A discovery of human artefacts and human remains older than six thousand years

 

The Israel Antiquities Authority has announced the discovery of a 10,500 year old woven basket in the Judaea desert.
 
Discoveries both of human artefacts and human remains that are older than six thousand years pose a fundamental challenge both to the belief that humans would only six thousand years old and the concept of a ‘seven thousand year plan’. 
 
Between 1946 and 1956, some 981 different texts and scrolls were discovered in eleven caves in the eastern Judaean Desert of what is now the modern-day West Bank. This collection known as the Dead Sea Scrolls, was a huge sensation.
 
Preserved by the aridity of that region in the southwestern part of Israel, these scrolls dated back to around 100 B.C.E.-100 C.E..  They included Hebrew texts of much of the Old Testament, which were about a thousand years older than previously known Hebrew scriptures (or Old Testament) manuscripts and showed that the these texts had been transmitted rather faithfully over centuries of scribal copying. There were also other writings peculiar to the Jewish community that lived near those caves, which gave new insights into the religious and social currents of that day.
 
The previous weeks Israeli archaeologists, having searched the caves the Judean Desert announced their findings of further texts, giving us withdozens of new Dead Sea Scroll fragments some more insight in the texts of the minor prophets. 
Other objects found alongside the scroll fragments also withstood the test of time, including ancient olive pits; remnants of clothing and sandals and a wooden lice comb similar to one that might be used today.
 

Archaeologist Chaim Cohen says the four-year project has been vital to protect the treasures inside the cave system from future plunder.
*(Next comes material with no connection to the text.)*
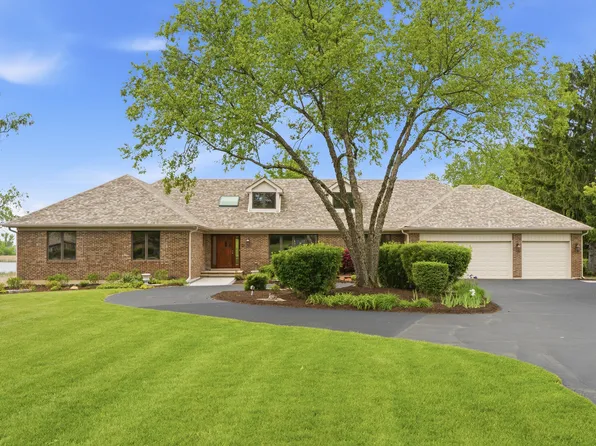 2208 Shetland Rd, Inverness, IL 60010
"This project is the protection of the area because, again, it is almost impossible to beat the looters," he said. "They're working, and the solution was to get to the case before the looters."

The massive excavation site spans parts of southern Israel and the Israeli-occupied West Bank. Israel has long been criticized for removing objects found in the Palestinian territories.
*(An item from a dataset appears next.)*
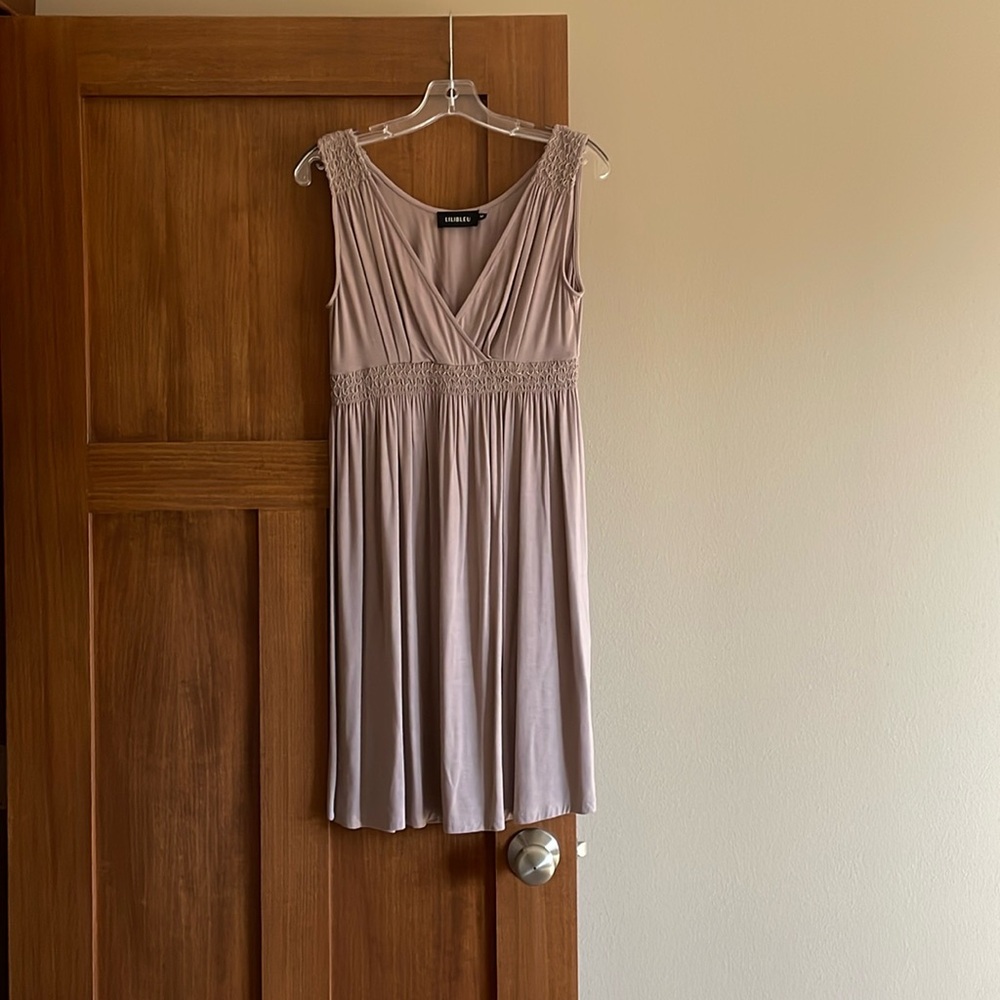 Lillibleu taupe sleeveless v-neck dress - size medium.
According to international law, taking cultural property from an occupied territory is forbidden, but those concerns haven't prevented the Israeli Antiquities Authority from putting the discoveries on display.
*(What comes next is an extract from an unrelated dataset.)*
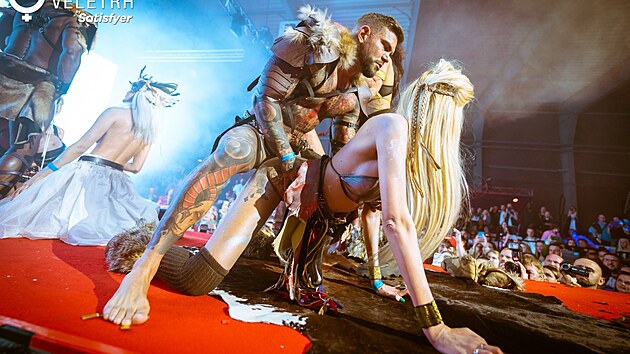 V roce 2023 budovala Brittany Bardot show docela znovu. (Vikings of Valhalla na Erofestu v roce 2023)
The 10,500-year-old basket as found in Muraba‘at Cave. (photo credit: YANIV BERMAN/IAA)

 
The basket, the discovery of which was announced Tuesday 16th March was found in Muraba’at cave in the Judaea desert. According to the Jerusalem Post article, it is believed to be the oldest of its kind ever uncovered. 
 
Ken Gilmore, an Australian Christadelphian,  reacts on these findings and certain people their idea that mankind only exists a 5 or 6 thousand years:

Both the belief that humans were created only six thousand years ago and the ‘Gap Theory’ that posits an earlier creation which was eradicated and replaced six thousand years ago by another creation make clearly testable predictions. The former would have no human fossils or artifacts older than six thousand years in the archaeological record, while the latter would show clear signs of a destruction six thousand years ago and no sign of continuity between human remains / artifacts on either side of this six thousand year old destruction layer. It goes without saying that we see neither. What we do see is continuity and human antiquity, stretching back well before six thousand years ago:
“The transition from the food-gathering phase to fully developed agriculture and pastoralism was a long process which began in the Near East around 10,500 B.C.E. and lasted several thousands of years. It was accompanied by changes in social organization and economic activity which expressed themselves in the establishment of settled communities and the eventual birth of the ancient Near Eastern civilizations. Some of the most important steps in this development can be traced in Palestine.”

 

Read more on what he has to say:

How a 10,000 year old basket (and the whole archaeology of Neolithic and Chalcolithic Palestine) falsifies the fundamentalist belief in a Seven Thousand Year Plan

Wednesday, 21 May 2014

Holy land Christian exodus

The Christian exodus, underway for decades, has reached critical levels in recent years. Emigration is a central concern to local Vatican officials, who are trying to stave off the flight with offers of jobs, housing and scholarships.
"I am sad to think that maybe the time will come in which Christianity will disappear from this land,"
said the Rev. Juan Solana, a Vatican envoy who oversees the Notre Dame center, a Jerusalem hotel for pilgrims that employs 150 locals, mostly Christians.
Solana said he employs Christians to encourage them
 "to stay here, to love this land, to be aware of their particular vocation to be the witnesses of Christianity in this land."
The Christian exodus is taking place across the Middle East. Jordan, where Pope Francis will begin his three-day trip Saturday, has thousands of Christian refugees from war-torn Syria and Iraq.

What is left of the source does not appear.